Brendan Carr, the Trump-appointed chairman of the FCC, stated that Netflix's proposed $83 billion deal to acquire Warner Bros.' studios and HBO Max businesses raises "competition concerns." He made these remarks in a Bloomberg interview published on January 23, 2026, praising Netflix's organic growth but highlighting the scale and consolidation in streaming.
The FCC has no jurisdiction over the transaction, as it does not involve broadcast licenses—Warner Bros. Discovery owns no broadcast TV properties. Instead, the Justice Department and Federal Trade Commission are reviewing the agreement for potential antitrust issues. Netflix and Warner Bros. Discovery have submitted Hart-Scott-Rodino antitrust filings and are engaging with U.S. and European regulators. The companies affirmed their commitment to working with authorities for a smooth transaction.
A rival all-cash bid from Paramount Skydance, led by David Ellison and valued at $30 per share, has emerged, backed by foreign sovereign wealth funds from Saudi Arabia, Qatar, and Abu Dhabi, as well as Larry Ellison's $40.4 billion commitment. Carr noted no immediate competition concerns with this bid but suggested the FCC could review it due to foreign funding.
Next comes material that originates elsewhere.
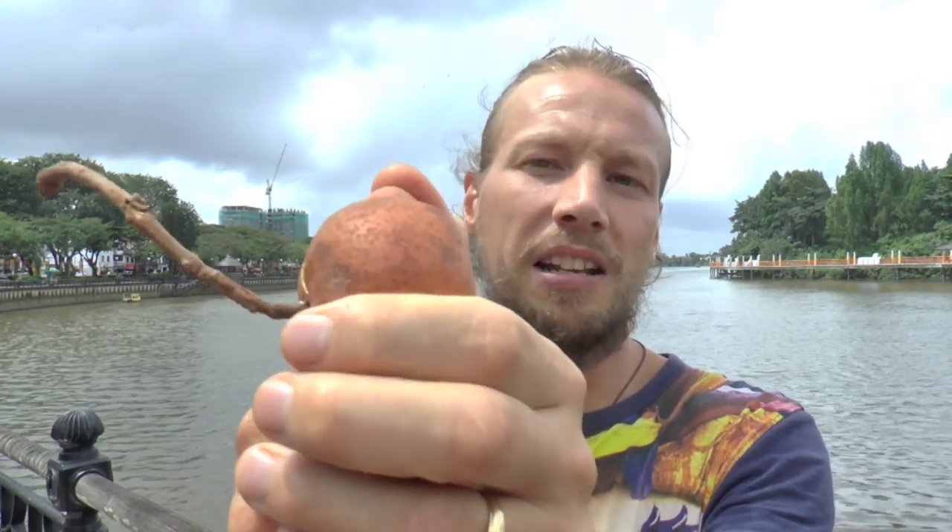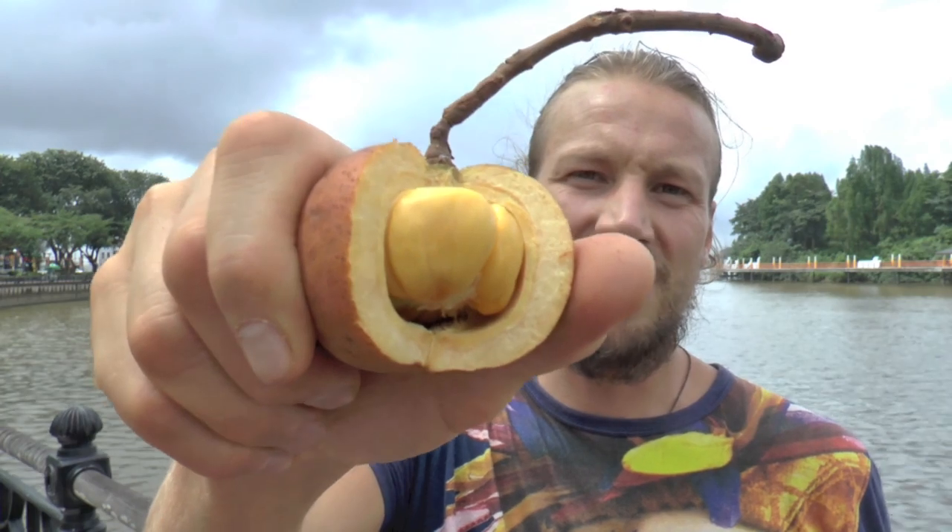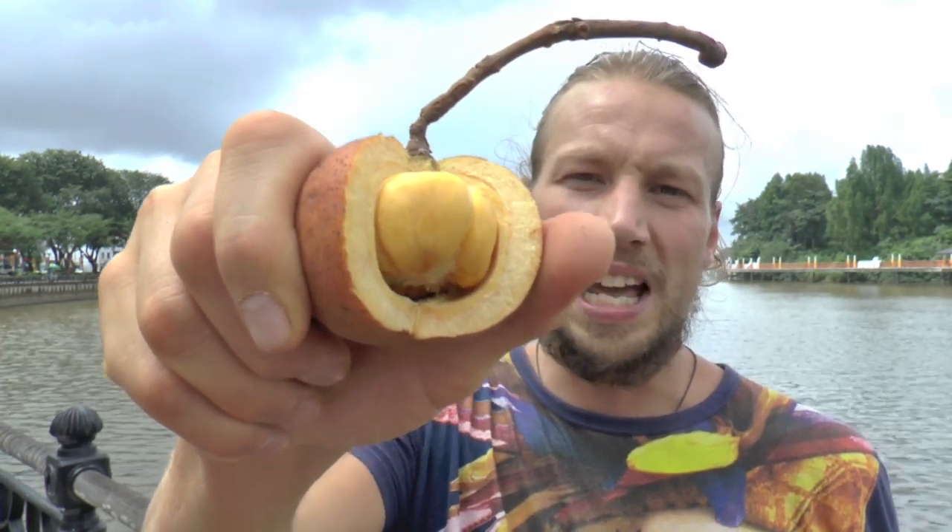So I just press on it like this and it pops open. And like this is what it looks like inside and I'm gonna try it.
Paramount argues the Netflix deal would entrench market concentration, giving the combined entity 43% of global streaming subscribers, leading to higher prices and harm to creators and theaters.
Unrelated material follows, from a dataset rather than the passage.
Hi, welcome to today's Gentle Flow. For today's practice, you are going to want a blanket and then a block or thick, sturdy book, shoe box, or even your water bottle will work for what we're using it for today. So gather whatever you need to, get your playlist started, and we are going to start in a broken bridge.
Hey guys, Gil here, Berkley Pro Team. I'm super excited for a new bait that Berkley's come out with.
Politicians across parties have raised alarms. Senator Elizabeth Warren described the deal as "an anti-monopoly nightmare," while Senator Mike Lee warned of "a lot of antitrust red flags." Netflix co-CEO Ted Sarandos and Warner Bros. Discovery's Bruce Campbell are scheduled to testify before a Senate antitrust hearing next month. Netflix counters that its share of TV viewing time remains below 10% in major markets.
Separately, Netflix co-CEO Greg Peters indicated the company plans to "keep that HBO team" post-acquisition, signaling intent to retain talent.